Eastern Europe is becoming an increasingly important destination for UK drama productions seeking tax breaks and cheaper rates on studios, craftspeople, crews and kit hire. Is it worth the headahce and are there any hidden costs? Andy Stout reports.
Eastern Europe is becoming an increasingly important destination for UK drama productions seeking tax breaks and cheaper rates on studios, craftspeople, crews and kit hire. Is it worth the headahce and are there any hidden costs? Andy Stout reports.

While flyaway productions have always been part of the heritage of UK television, a tradition bequeathed by the North Atlantic weather systems if nothing else, the buzz around filming in Eastern Europe is a relatively recent phenomenon.

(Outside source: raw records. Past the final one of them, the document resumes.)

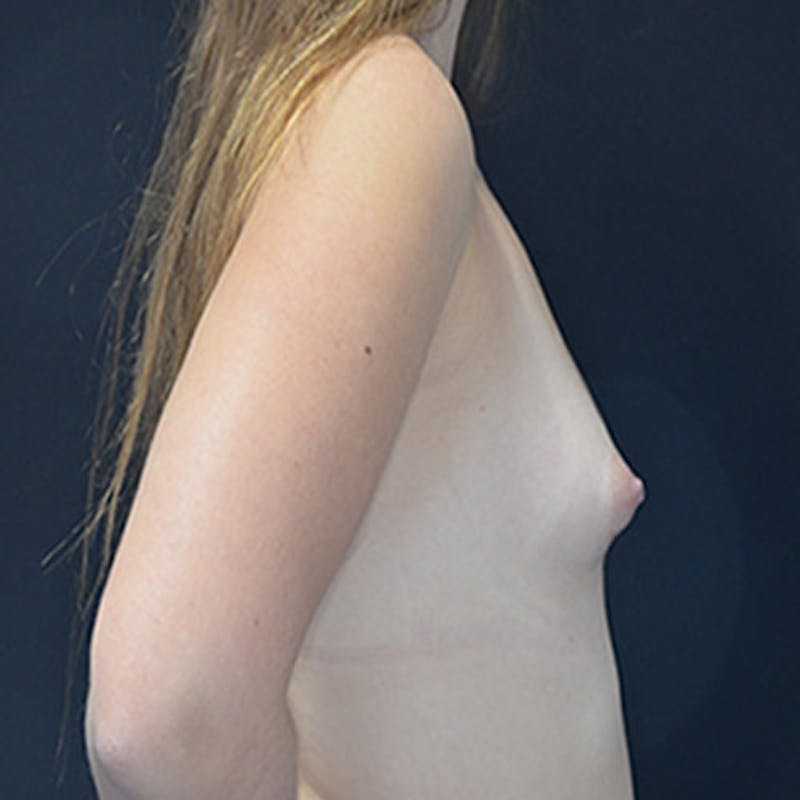 Breast Augmentation Before & After Gallery - Patient 114721072 - Image 5
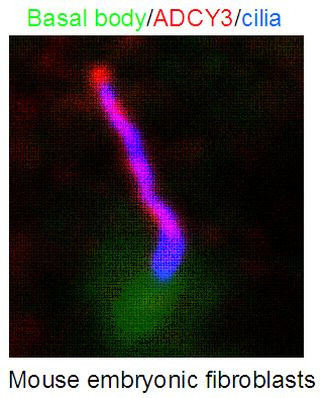 ADCY3 Antibody in Immunohistochemistry (IHC)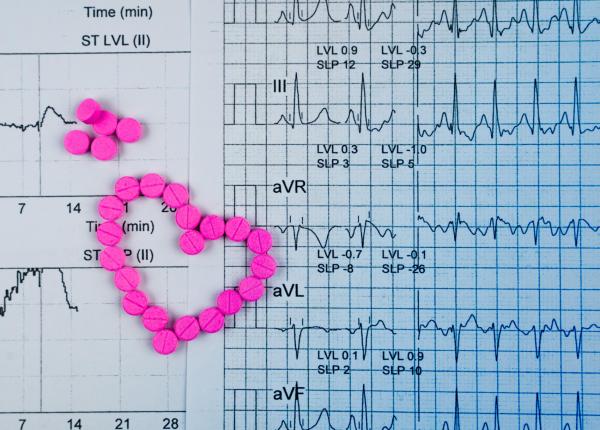 ce se intampla cu ritmul cardiac in timpul unui infarct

Once people simply went abroad either for specific locations or for bright blue skies and long, balmy days of shooting. Now there's a new breed of economic migrants toting shooting schedules, waiting for their luggage at the airport carousels in Budapest, Bucharest and Sofia, and hoping to take full advantage of costs that are being billed as up to 25% less than shooting in the UK.

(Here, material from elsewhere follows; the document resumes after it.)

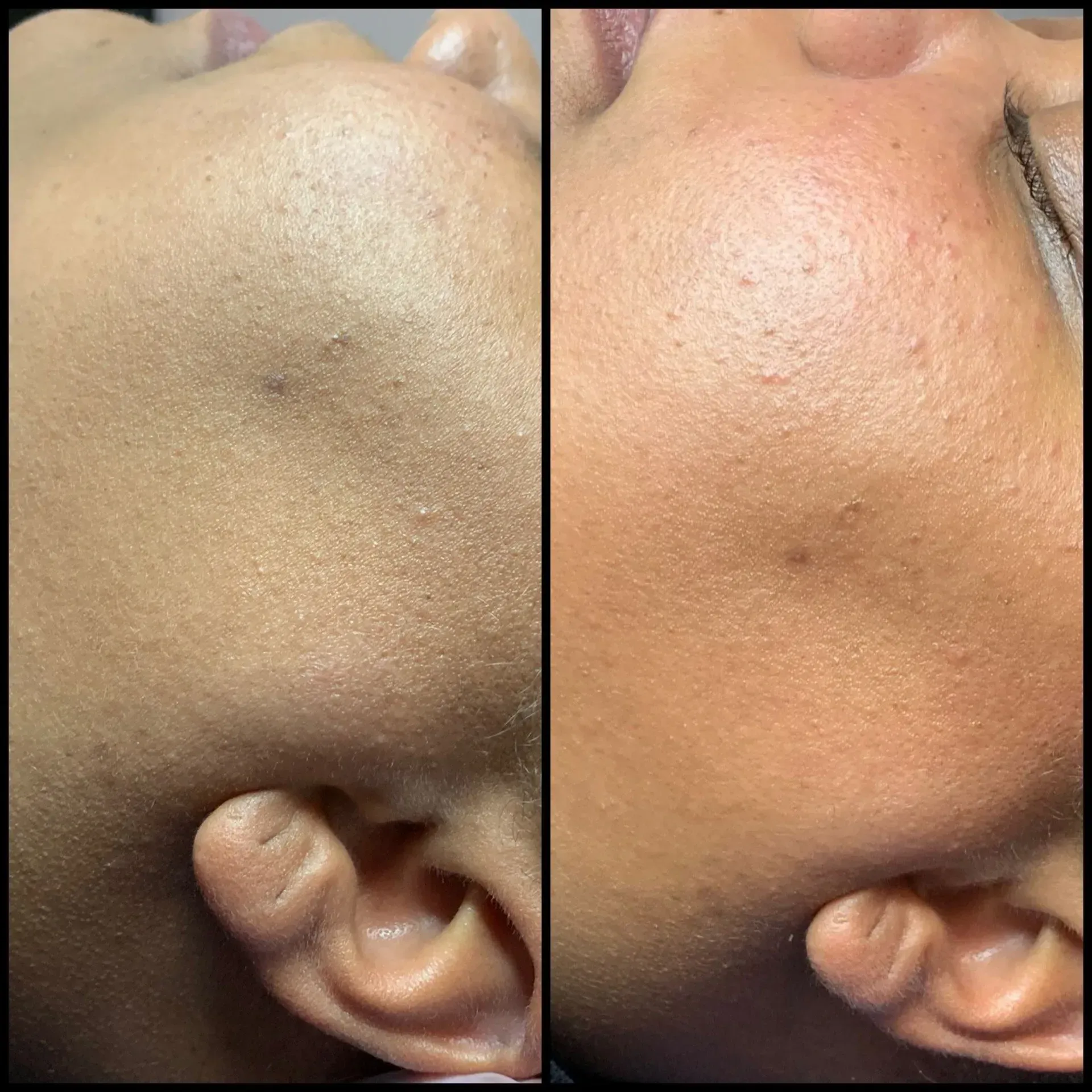Side-by-side close-up of a cheek with visible texture, before and after skin tone differences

Many of them though will be searching for some time, and not just for their luggage. While productions can save money shooting behind the former Iron Curtain, the figures relating to the amounts saved don't necessarily live up to the hyperbole. Programmes really have to be the right type of production, typically studio-based, to take full advantage of the savings. And ideally you should really know the country you're in and exactly what you're doing while you're there, which can prove a bit of a catch-22 for most Brits.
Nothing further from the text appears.